Planning activity includes multi-agency exercises modeled on national exercises such as Exercise Unified Response and sector-specific drills employed at infrastructure sites like Sellafield and ports at Barrow-in-Furness. Training spans command and control competencies comparable to the Joint Emergency Services Interoperability Principles doctrine and specialist courses delivered by organisations like the Emergency Planning College. Business continuity planning is coordinated with bodies such as Network Rail and Highways England to protect transport corridors like the A66 road and M6 motorway (Great Britain). Risk registers and community risk plans draw on hazard data from the Environment Agency and meteorological forecasts from the Met Office.

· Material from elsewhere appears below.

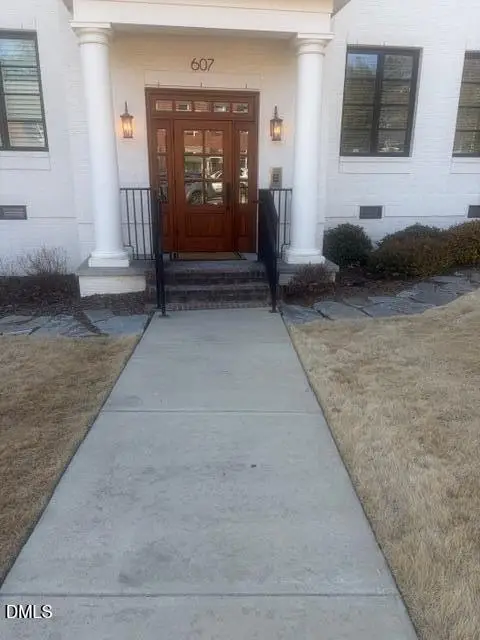 607 Smedes Place #B, Raleigh, NC 27605 - #2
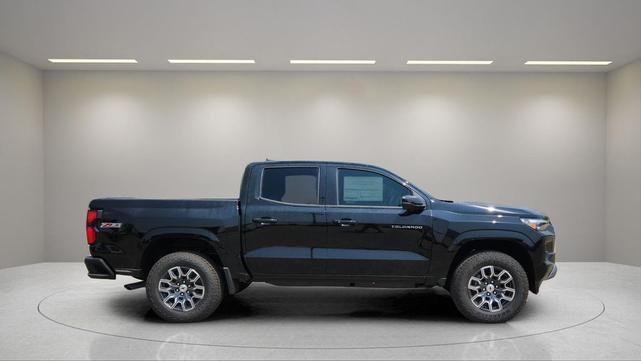 Photo of 2026 Black Chevrolet Colorado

The forum partners with voluntary sector organisations including Royal Voluntary Service, Samaritans, St John Ambulance and local branches of British Red Cross to provide welfare and survivor support during major incidents. Engagement extends to town councils across Lake District communities, business groups such as local chambers of commerce, and infrastructure stakeholders including United Utilities and port operators. Community resilience initiatives mirror national programmes like Community Resilience Forum pilots and involve promoting Silver Command-level planning within parish councils, mutual aid arrangements similar to those between neighboring resilience forums and public information campaigns coordinated with broadcasters like BBC North West.
Notable activations include responses to the 2015 Cumbria floods and Storm Desmond where multi-agency coordination addressed riverine flooding in river systems such as the River Eden and infrastructure damage to towns including Keswick. The forum coordinated health and social care recovery with NHS Foundation Trusts and welfare provision via voluntary sector partners during evacuations influenced by severe weather events comparable to the 2013–14 United Kingdom winter floods. It has also overseen contingency responses for transport incidents on the Settle–Carlisle line and major road collisions on the M6 motorway (Great Britain), liaising with national bodies such as Department for Transport (United Kingdom) and Health and Safety Executive where necessary.